La rubrique « Arts de la scène » rassemble des articles traitant de la circulation transatlantique des objets, des pratiques et des représentations au sein du monde du spectacle. Y sont retracés les allers-retours et les cheminements multiples de ces circulations artistiques dans leurs différentes dimensions. Ces circulations peuvent concerner une œuvre, un texte, un artiste aussi bien qu’une pratique, un mouvement ou une tendance, ou bien encore se rapporter aux concepts, imaginaires et références symboliques qui sont mobilisés par tous ceux - personnes et institutions - qui participent à la définition des différents champs concernés.
Sont considérées ici les disciplines artistiques liées à la « mise en scène » et la « représentation » : le théâtre bien évidemment, mais également la danse, les arts de la rue, les performances, les happenings ou encore l’opéra et d'autres formes plus hybrides comme la danse-théâtre, l’opérette, les interventions urbaines, entre autres.

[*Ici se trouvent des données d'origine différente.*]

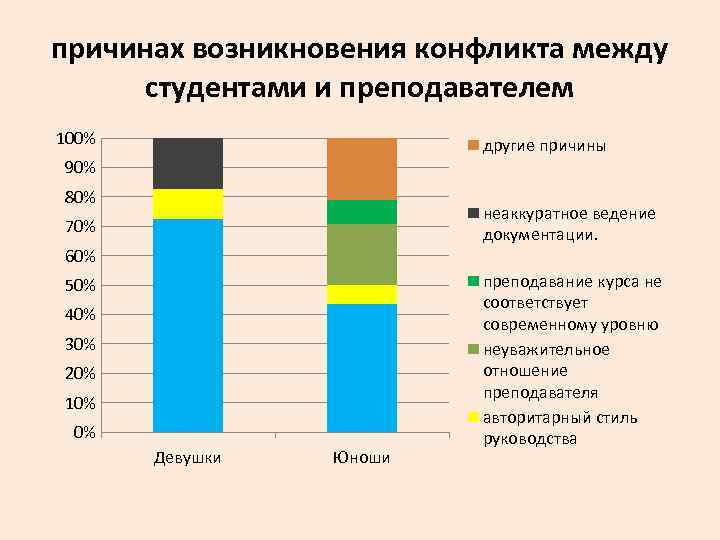 причинах возникновения конфликта между студентами и преподавателем 100% другие причины 90% 80% неаккуратное ведение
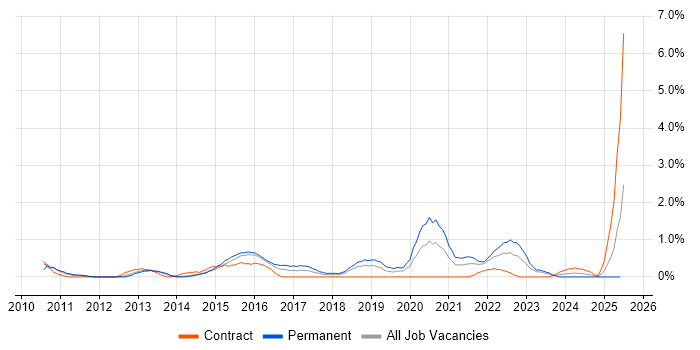 Job vacancy trend for QlikView in Northampton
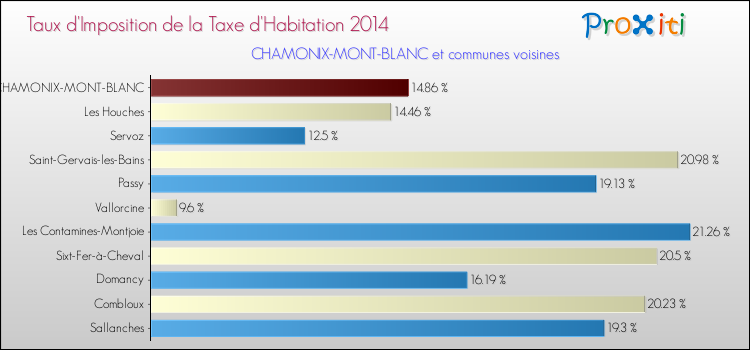 Taux d'imposition de la taxe d'habitation 2014 pour CHAMONIX-MONT-BLANC et les communes proches Comparaison des taux d'imposition de la taxe d'habitation 2014 pour CHAMONIX-MONT-BLANC et les communes voisines
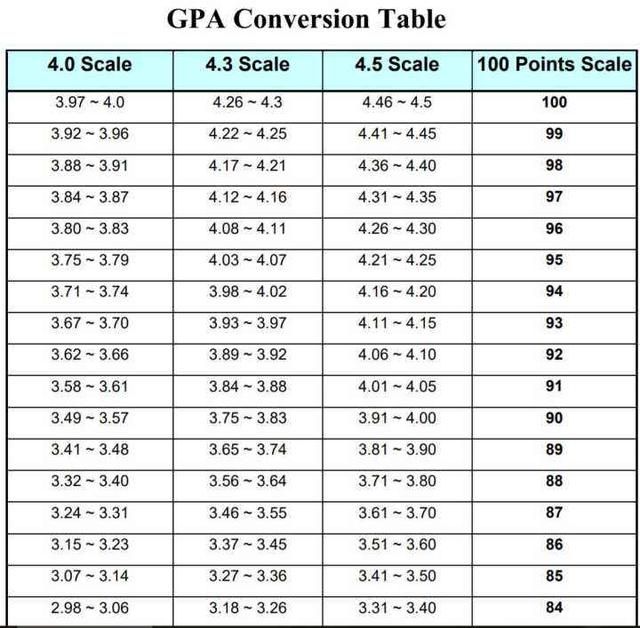 gpa在留学申请中到底占几分,留学gpa换算绩点怎么算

Toutes les manifestations scéniques sont prises en compte, au-delà des distinctions traditionnelles (milieu professionnel versus pratiques amateurs ; art « légitime » versus production « marginale » ; etc.). Des formes situées à la frontière de ces catégories, comme celle du circo criollo, du café-concert ou du théâtre communautaire, seront également traitées dans cette rubrique afin de montrer la richesse des échanges transatlantiques dans les arts scéniques et de rééquilibrer la participation des différents espaces dans ce brassage culturel. Par ailleurs, les liens sont nombreux avec la rubrique « Musique », le théâtre lyrique pouvant par exemple être compris dans l’une ou l’autre rubrique.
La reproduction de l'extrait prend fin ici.